# YOUR GOAL:
Copy each line below that contains "Heights".

[Short web captions]
* * *

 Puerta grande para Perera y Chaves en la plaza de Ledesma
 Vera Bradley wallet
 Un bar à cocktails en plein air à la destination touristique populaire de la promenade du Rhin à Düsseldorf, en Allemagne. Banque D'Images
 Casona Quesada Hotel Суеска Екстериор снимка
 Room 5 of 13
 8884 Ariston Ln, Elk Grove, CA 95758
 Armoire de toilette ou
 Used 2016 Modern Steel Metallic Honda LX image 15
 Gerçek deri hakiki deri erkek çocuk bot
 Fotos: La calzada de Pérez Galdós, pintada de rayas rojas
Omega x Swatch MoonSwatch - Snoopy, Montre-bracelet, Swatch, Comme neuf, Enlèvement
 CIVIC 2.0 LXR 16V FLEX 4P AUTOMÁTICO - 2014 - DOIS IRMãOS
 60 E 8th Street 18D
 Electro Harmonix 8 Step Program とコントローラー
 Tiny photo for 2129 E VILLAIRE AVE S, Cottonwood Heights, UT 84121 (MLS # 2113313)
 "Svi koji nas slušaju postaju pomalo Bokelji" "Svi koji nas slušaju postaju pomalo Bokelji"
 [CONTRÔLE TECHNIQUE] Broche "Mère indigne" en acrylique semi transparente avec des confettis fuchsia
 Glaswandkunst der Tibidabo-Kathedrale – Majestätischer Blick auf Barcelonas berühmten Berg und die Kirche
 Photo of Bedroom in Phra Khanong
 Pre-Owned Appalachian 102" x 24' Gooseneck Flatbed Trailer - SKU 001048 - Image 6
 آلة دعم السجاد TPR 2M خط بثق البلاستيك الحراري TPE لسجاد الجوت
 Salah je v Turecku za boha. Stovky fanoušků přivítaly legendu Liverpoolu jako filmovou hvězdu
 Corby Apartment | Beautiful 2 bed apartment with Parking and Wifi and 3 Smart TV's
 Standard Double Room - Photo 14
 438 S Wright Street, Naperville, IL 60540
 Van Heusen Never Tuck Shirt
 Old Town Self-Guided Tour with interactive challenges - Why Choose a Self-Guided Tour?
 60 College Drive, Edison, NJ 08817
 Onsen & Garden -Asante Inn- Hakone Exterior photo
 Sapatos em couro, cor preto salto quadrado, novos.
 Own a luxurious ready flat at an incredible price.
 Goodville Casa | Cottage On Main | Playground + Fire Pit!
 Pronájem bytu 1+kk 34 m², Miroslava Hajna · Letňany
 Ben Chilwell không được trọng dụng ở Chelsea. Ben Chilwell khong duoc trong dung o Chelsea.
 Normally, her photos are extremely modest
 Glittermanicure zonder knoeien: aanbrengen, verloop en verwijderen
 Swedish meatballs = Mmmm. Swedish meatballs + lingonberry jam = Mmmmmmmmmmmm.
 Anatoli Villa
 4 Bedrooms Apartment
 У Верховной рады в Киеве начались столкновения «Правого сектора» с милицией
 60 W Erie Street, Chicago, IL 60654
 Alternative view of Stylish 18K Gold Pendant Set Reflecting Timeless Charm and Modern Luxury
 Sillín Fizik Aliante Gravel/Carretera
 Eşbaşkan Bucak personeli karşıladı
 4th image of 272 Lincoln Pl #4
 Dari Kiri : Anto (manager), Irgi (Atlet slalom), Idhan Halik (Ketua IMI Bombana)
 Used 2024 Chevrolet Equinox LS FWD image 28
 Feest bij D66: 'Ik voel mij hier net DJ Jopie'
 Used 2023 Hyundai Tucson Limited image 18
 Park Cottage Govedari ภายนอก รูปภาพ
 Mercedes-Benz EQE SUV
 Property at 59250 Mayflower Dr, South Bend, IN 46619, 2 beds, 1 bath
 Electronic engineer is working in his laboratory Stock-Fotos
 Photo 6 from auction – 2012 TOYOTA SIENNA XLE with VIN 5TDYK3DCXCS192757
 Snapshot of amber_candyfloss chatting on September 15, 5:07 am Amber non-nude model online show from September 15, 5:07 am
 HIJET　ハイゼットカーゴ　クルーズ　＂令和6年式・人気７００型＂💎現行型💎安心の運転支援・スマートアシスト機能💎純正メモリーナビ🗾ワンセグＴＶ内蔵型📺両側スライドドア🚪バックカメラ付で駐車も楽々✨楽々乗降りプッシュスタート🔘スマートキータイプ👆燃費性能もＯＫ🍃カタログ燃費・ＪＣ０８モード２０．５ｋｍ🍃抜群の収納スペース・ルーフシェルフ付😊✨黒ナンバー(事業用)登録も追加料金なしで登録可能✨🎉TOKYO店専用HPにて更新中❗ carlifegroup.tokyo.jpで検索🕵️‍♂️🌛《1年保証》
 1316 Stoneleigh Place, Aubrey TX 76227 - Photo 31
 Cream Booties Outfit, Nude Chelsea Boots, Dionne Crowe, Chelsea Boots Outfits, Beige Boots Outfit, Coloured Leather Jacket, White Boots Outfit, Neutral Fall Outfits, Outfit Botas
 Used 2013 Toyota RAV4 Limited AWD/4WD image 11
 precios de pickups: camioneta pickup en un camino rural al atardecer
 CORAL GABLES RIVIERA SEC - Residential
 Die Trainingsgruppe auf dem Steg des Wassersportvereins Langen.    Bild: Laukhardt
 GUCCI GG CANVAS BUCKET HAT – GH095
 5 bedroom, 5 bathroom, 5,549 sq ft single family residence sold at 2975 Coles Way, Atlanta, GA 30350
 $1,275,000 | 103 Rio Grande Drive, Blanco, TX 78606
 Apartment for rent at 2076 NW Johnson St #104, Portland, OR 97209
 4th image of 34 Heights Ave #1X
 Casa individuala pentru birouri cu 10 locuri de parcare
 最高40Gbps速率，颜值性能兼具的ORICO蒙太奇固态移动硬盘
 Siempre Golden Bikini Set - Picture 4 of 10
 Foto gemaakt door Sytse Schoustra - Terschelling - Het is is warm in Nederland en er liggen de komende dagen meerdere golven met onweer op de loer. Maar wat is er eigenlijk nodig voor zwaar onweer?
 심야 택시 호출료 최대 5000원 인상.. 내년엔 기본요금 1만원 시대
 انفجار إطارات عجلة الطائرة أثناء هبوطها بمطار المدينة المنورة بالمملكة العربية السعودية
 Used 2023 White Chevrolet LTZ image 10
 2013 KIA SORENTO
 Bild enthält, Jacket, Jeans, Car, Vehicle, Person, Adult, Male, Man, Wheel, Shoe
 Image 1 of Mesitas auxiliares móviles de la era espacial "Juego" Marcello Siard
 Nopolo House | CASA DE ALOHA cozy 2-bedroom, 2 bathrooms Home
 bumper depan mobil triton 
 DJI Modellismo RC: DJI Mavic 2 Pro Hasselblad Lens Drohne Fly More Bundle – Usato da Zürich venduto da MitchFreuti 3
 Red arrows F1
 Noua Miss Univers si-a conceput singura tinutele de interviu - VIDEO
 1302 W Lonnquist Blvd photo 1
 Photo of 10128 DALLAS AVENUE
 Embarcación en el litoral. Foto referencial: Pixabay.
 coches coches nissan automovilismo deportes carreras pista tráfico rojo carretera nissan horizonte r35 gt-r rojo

* * *

# WRITTEN ANSWER:
 Tiny photo for 2129 E VILLAIRE AVE S, Cottonwood Heights, UT 84121 (MLS # 2113313)
 4th image of 34 Heights Ave #1X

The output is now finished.